Prior to January 1, 2012, in the case of repurchase agreements where we did not obtain collateral sufficient to fund substantially all of the cost of purchasing identical replacement securities during the term of the contract (generally less than 90 percent of the security value), we accounted for the transaction as a sale of the security and reported the obligation to repurchase the security as a derivative contract. The fair value of securities transferred under repurchase agreements accounted for as sales was $2.1 billion at December 31, 2011. Effective January 1, 2012, the level of collateral received by the transferor in a repurchase agreement or similar arrangement is no longer relevant in determining whether the transaction should be accounted for as a sale. There were no repurchase agreements accounted for as sales as of December 31, 2012.

We also enter into agreements in which securities are purchased by us under agreements to resell (reverse repurchase agreements), which are accounted for as secured financing transactions and reported as short-term investments or other assets, depending on their terms. These agreements are recorded at their contracted resale amounts plus accrued interest, other than those that are accounted for at fair value. Such agreements entered into by the DIB are carried at fair value based on market observable interest rates. In all reverse repurchase transactions, we take possession of or obtain a security interest in the related securities, and we have the right to sell or repledge this collateral received. The fair value of securities collateral pledged to us was $11.0 billion and $6.8 billion at December 31, 2012 and December 31, 2011, respectively, of which $33 million and $122 million was repledged by us.

Insurance – Statutory and Other Deposits

 

Total carrying values of cash and securities deposited by our insurance subsidiaries under requirements of regulatory authorities or other insurance-related arrangements, including certain annuity-related obligations and certain reinsurance agreements, were $8.9 billion and $9.8 billion at December 31, 2012 and 2011, respectively.

Other Pledges

 

Certain of our subsidiaries are members of Federal Home Loan Banks (FHLBs) and such membership requires the members to own stock in these FHLBs. These subsidiaries owned an aggregate of $84 million and $77 million of stock in FHLBs at December 31, 2012 and December 31, 2011, respectively. To the extent an AIG subsidiary borrows from the FHLB, its ownership interest in the stock of FHLBs will be pledged to the FHLB. In addition, our subsidiaries have pledged securities available for sale with a fair value of $341 million at December 31, 2012, associated with advances from the FHLBs.

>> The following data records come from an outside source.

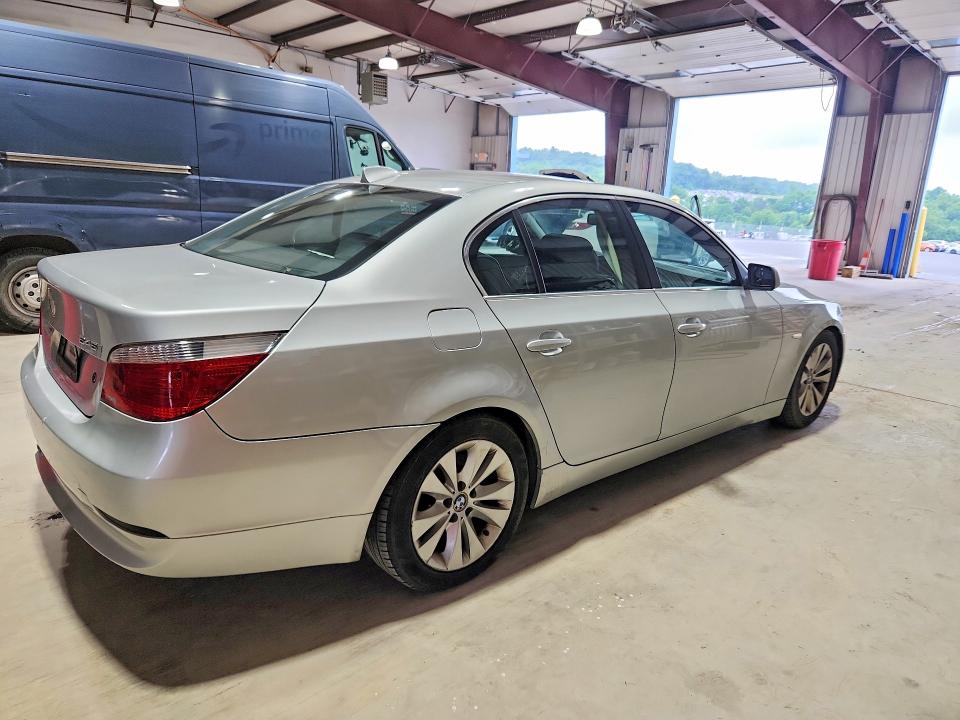 Продаж на аукціоні авто 2004 Bmw 545, vin: WBANB335X4B112594, номер лоту: 59912156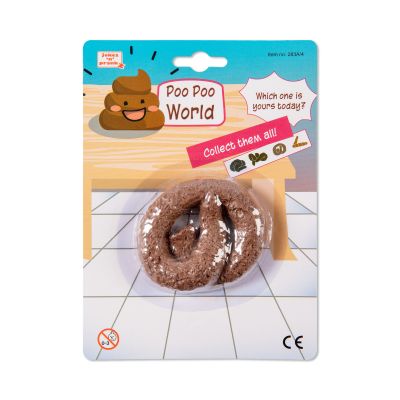 Falešné hovínko tvar 2 Albi Albi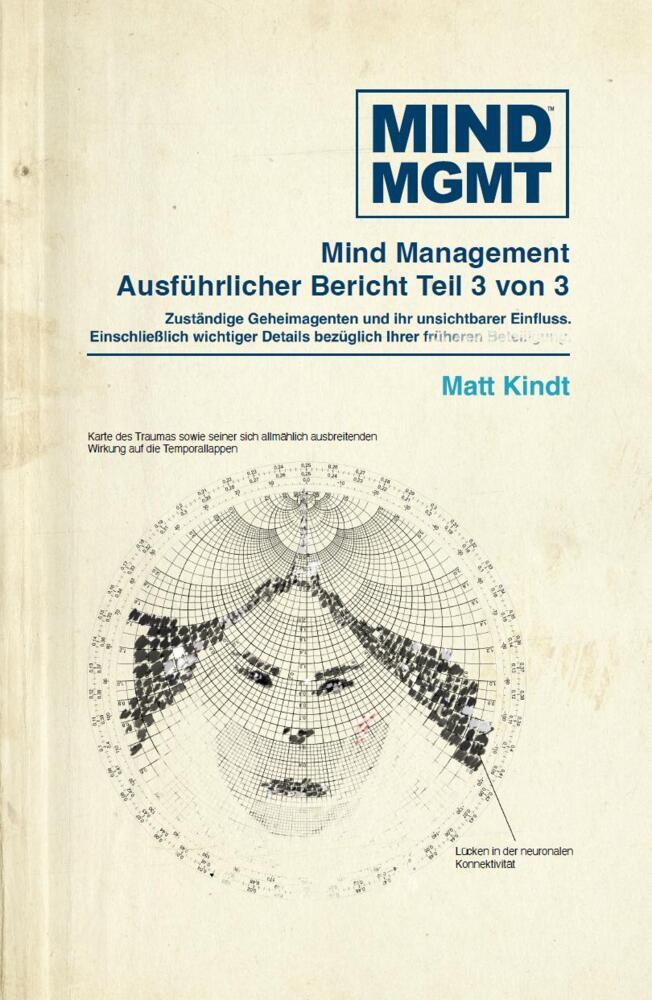 Mind-MGMT 3 main product photo
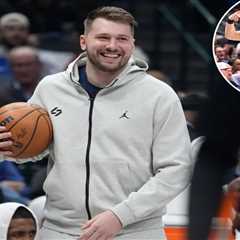 Luka Doncic says farewell to Mavericks in first comments since stunning trade to Lakers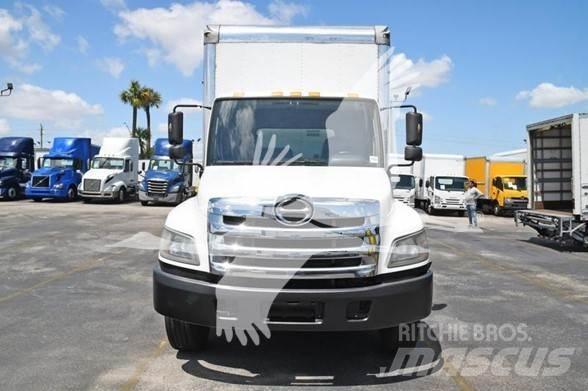 Hino 268A Строительная техника - Другие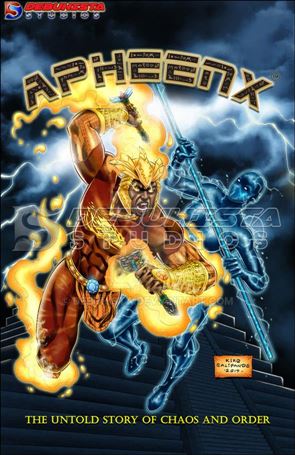 Apheenx Cover Image 1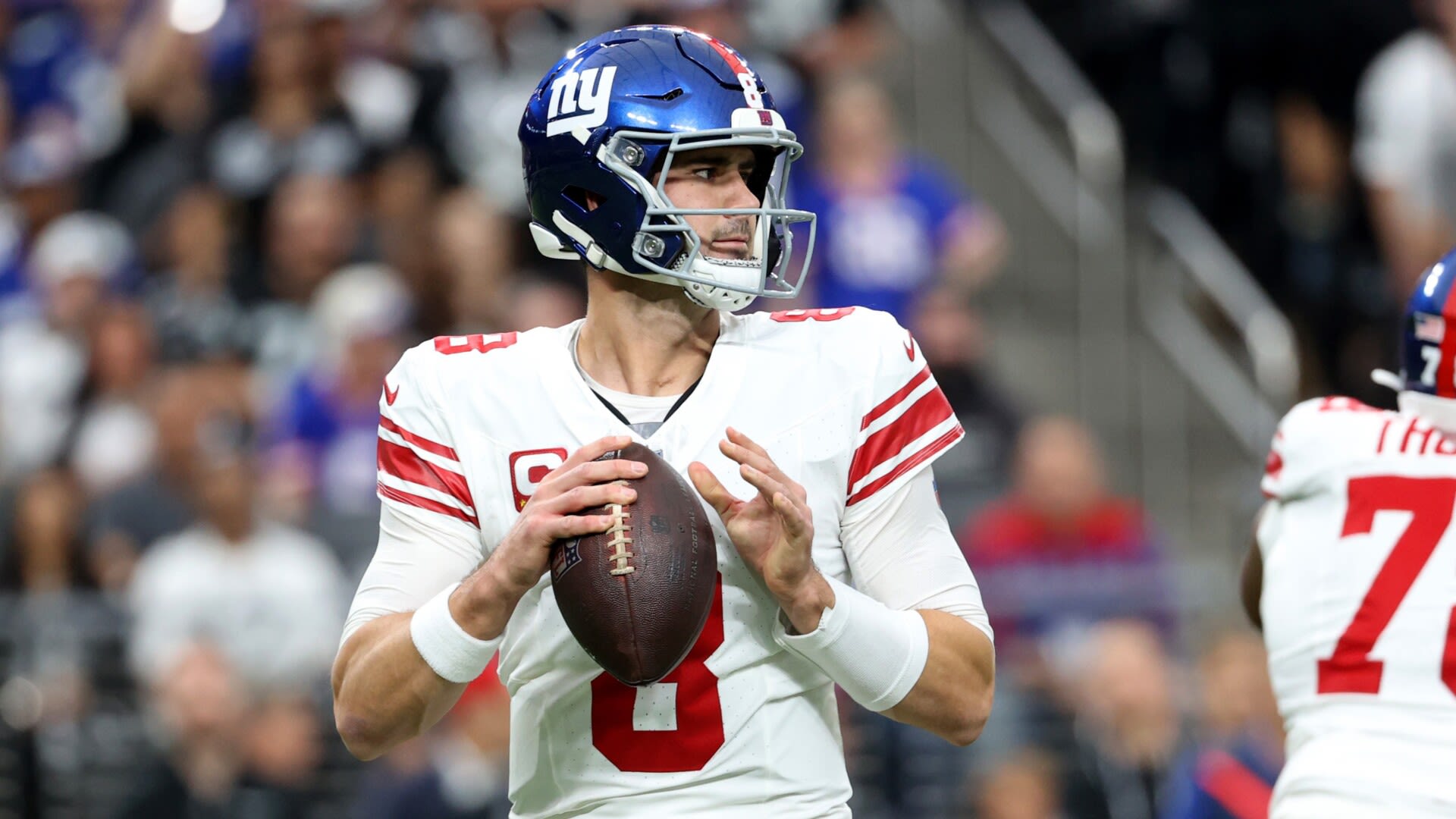 If Giants draft a quarterback, what will they do with Daniel Jones?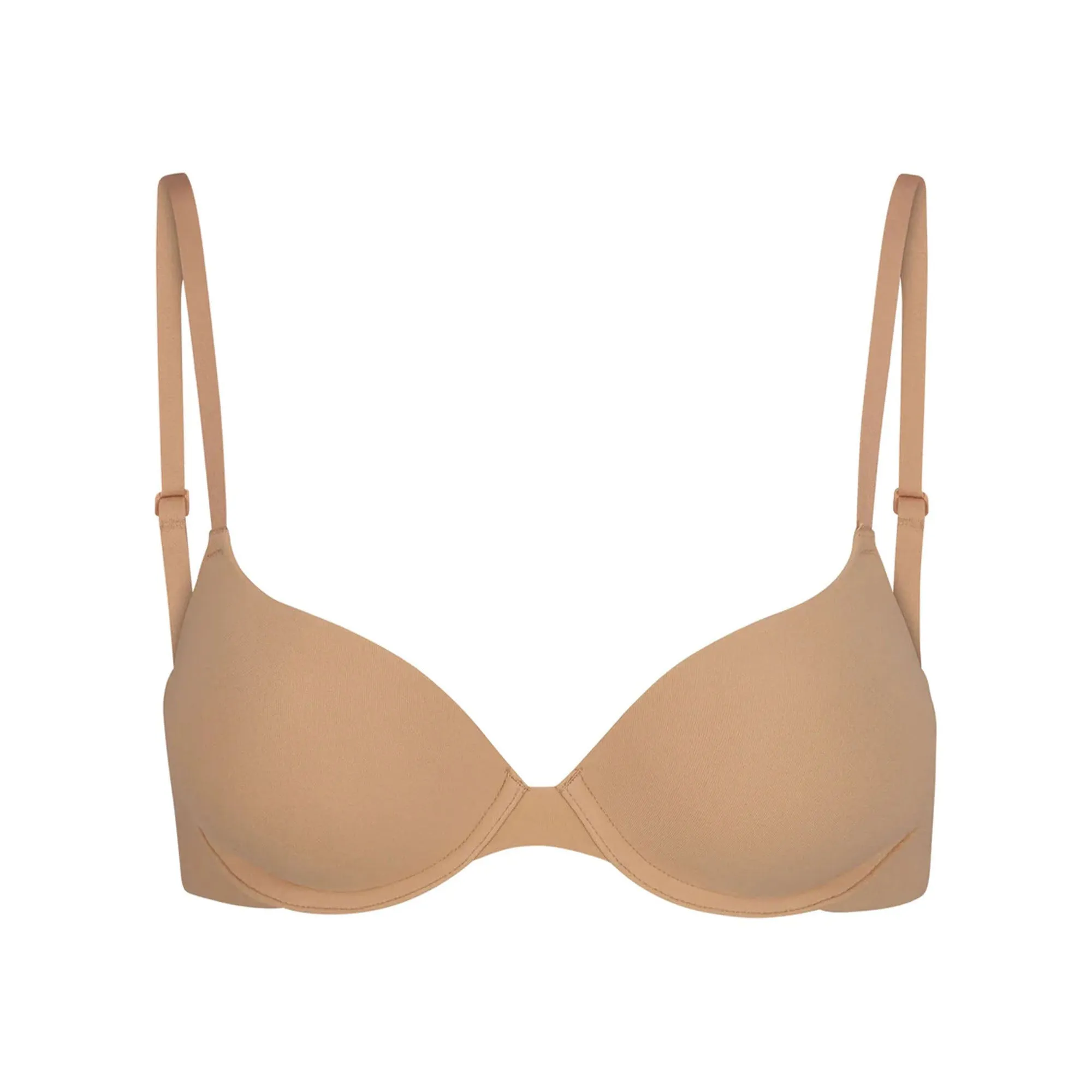 FITS EVERYBODY PUSH-UP BRA | OCHRE sold by SKIMS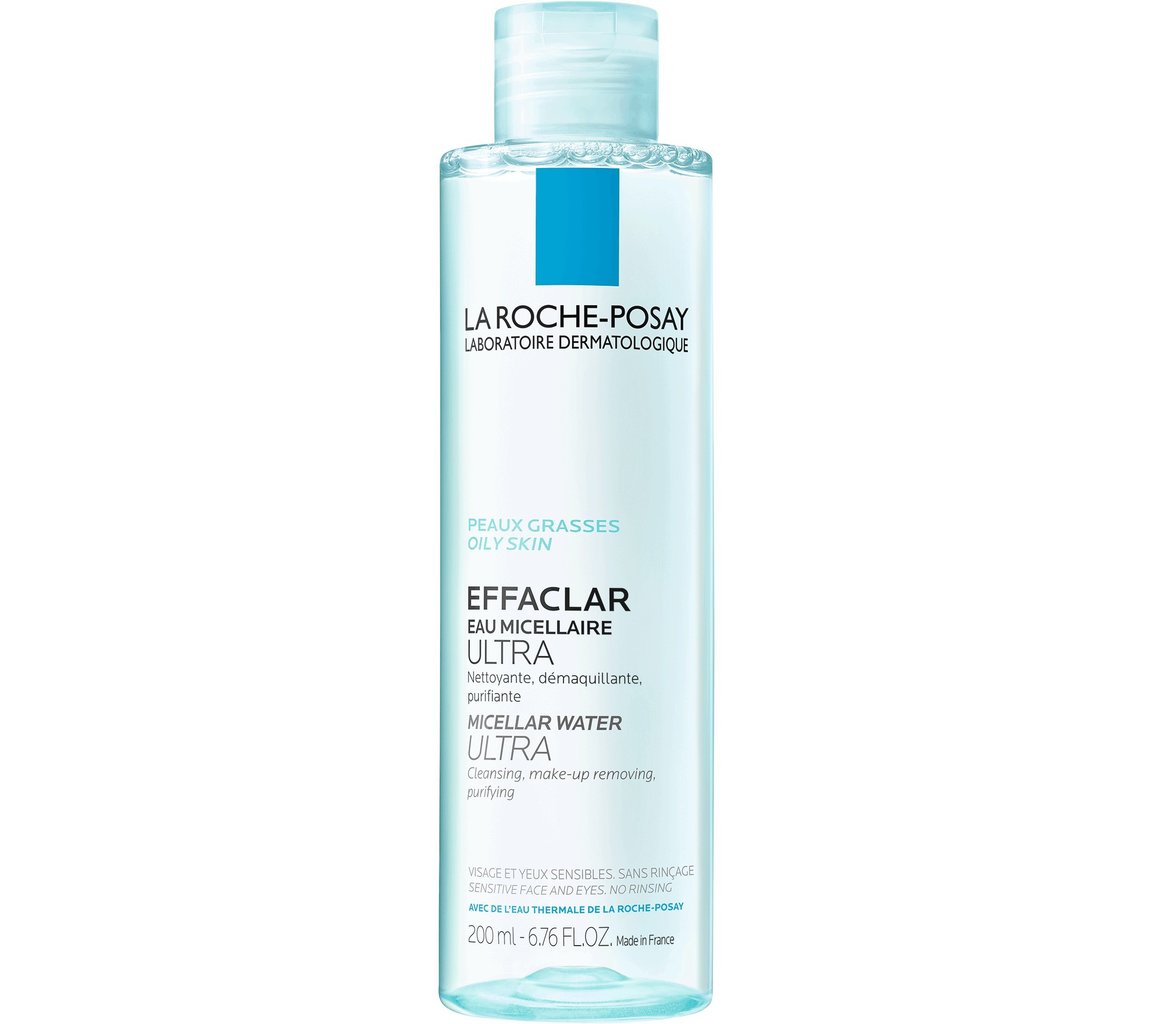 La Roche Posay Effaclar 3in1 puhdistusvesi 200 ml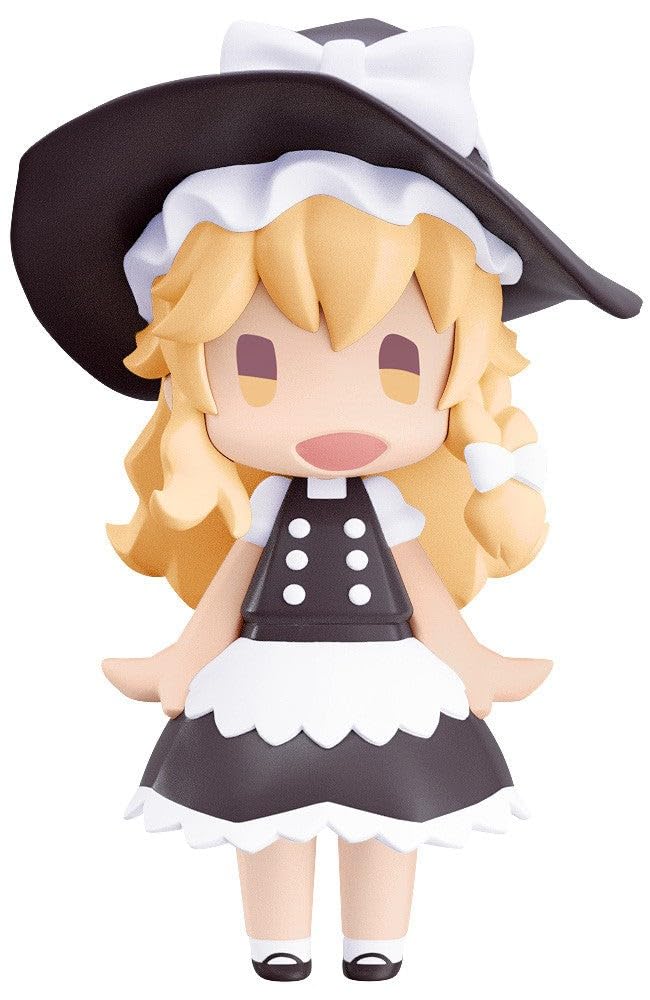 Marisa Kirisame Touhou figurine Good Smile pour décorer votre bureau - 5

Certain GIAs have provisions that require collateral to be posted or payments to be made by us upon a downgrade of our long-term debt ratings. The actual amount of collateral required to be posted to the counterparties in the event of such downgrades, and the aggregate amount of payments that we could be required to make, depend on market conditions, the fair value of outstanding affected transactions and other factors prevailing at and after the time of the downgrade. The fair value of securities pledged as collateral with respect to these obligations approximated $4.4 billion and $5.1 billion at December 31, 2012 and December 31, 2011, respectively. This collateral primarily consists of securities of the U.S. government and government sponsored entities and generally cannot be repledged or resold by the counterparties.